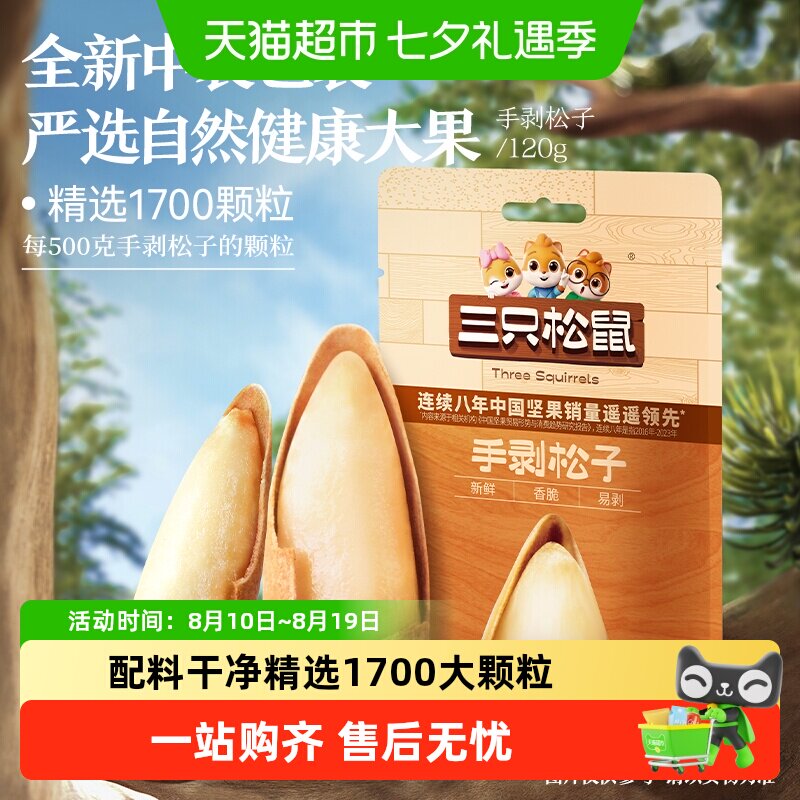 三只松鼠新货巴西手剥松子120g坚果炒货孕妇儿童健康零食营养健康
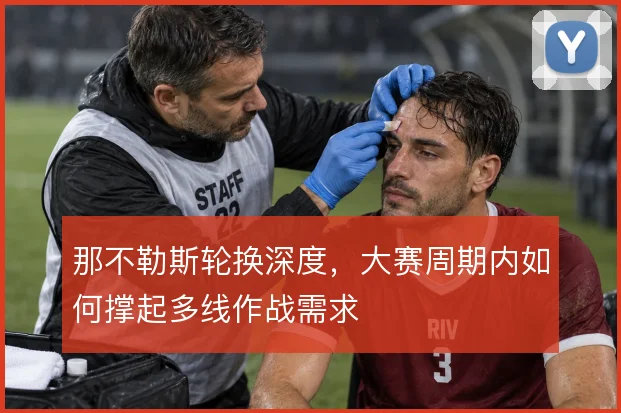 那不勒斯轮换深度，大赛周期内如何撑起多线作战需求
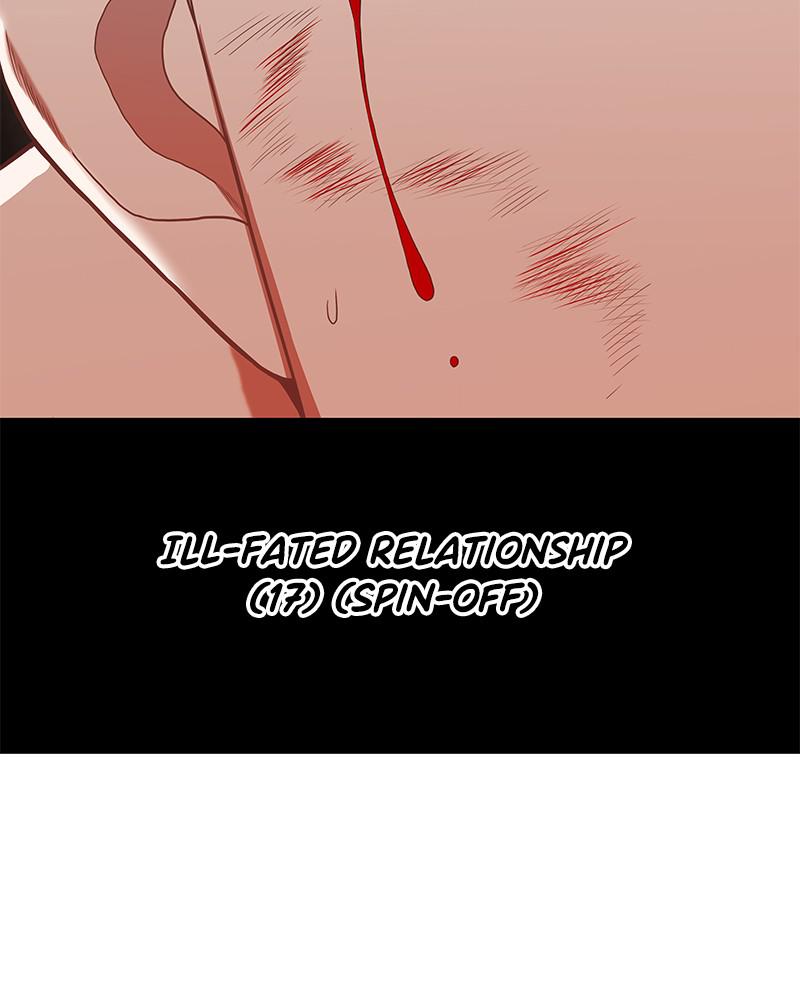 Read The Boxer (en) Manga Online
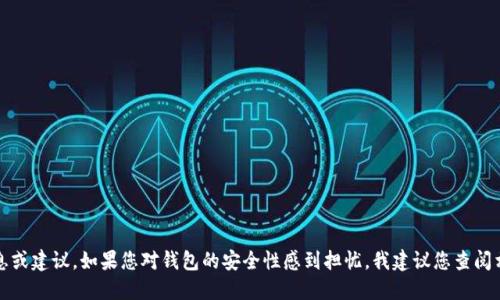抱歉，我无法提供关于此类问题的具体信息或建议。如果您对钱包的安全性感到担忧，我建议您查阅相关的安全指南或联系专业人士进行咨询。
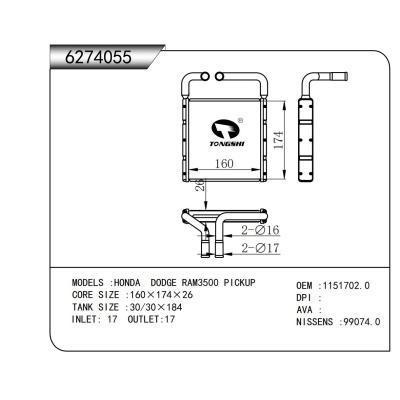 FOR HONDA  DODGE RAM3500 PICKUP HEATER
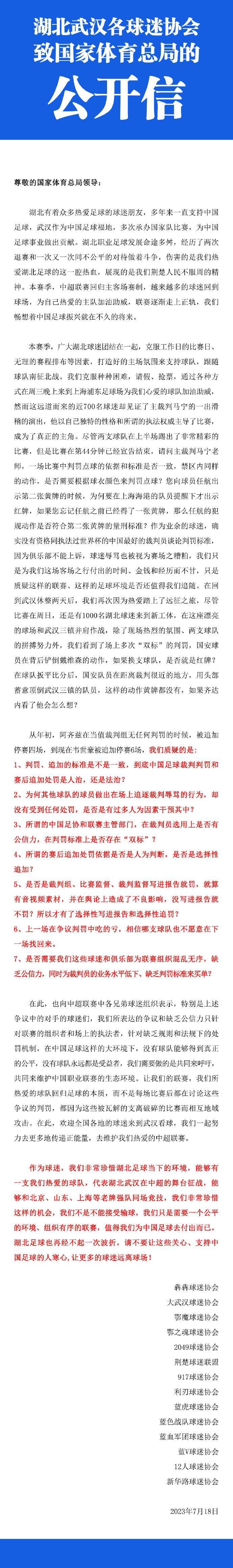 联赛杯1/4决赛切尔西点球大战5-3淘汰纽卡，赛后波切蒂诺接受天空体育采访。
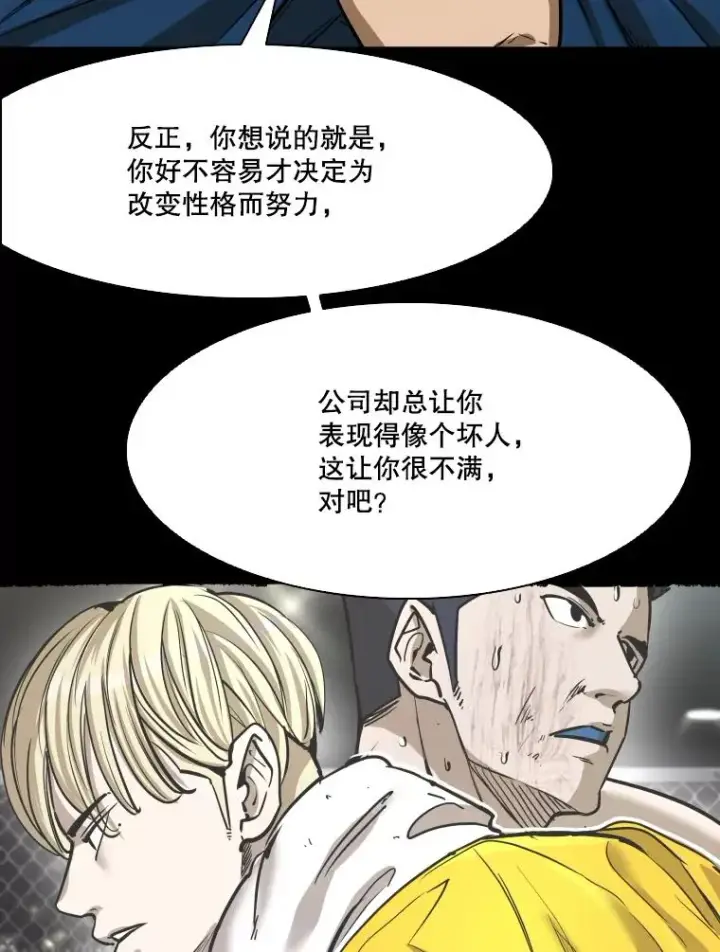 漫画《鲨鱼》350.探监第52张图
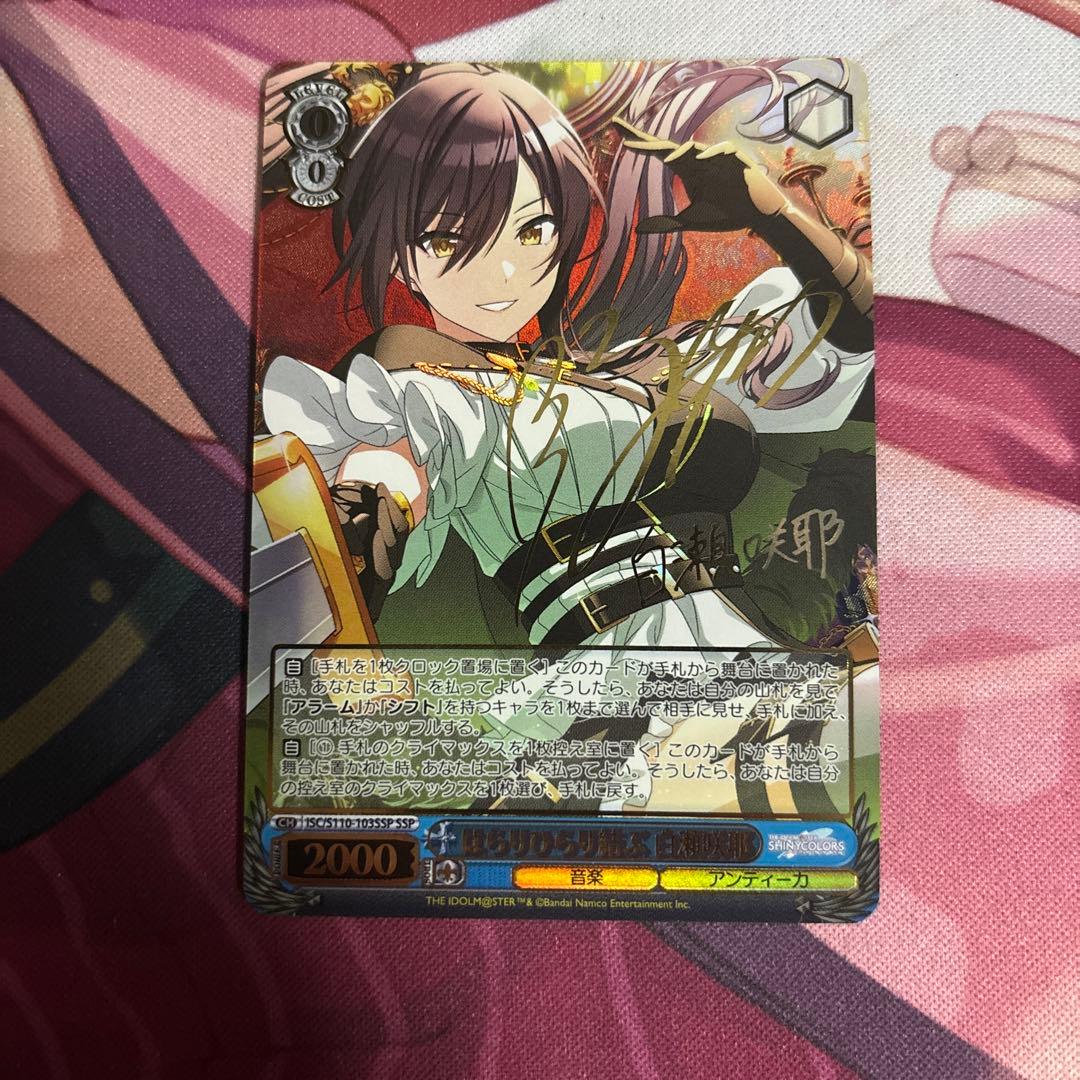 ヴァイスシュヴァルツ はらりひらり結ぶ 白瀬咲耶 ssp サイン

_What to do_. Please retype exactly the lines from the one containing "漫画《鲨鱼》350.探监第52张图" to the last line of the records above, both included, without any pictures.

_Solution below_.
 漫画《鲨鱼》350.探监第52张图
 ヴァイスシュヴァルツ はらりひらり結ぶ 白瀬咲耶 ssp サイン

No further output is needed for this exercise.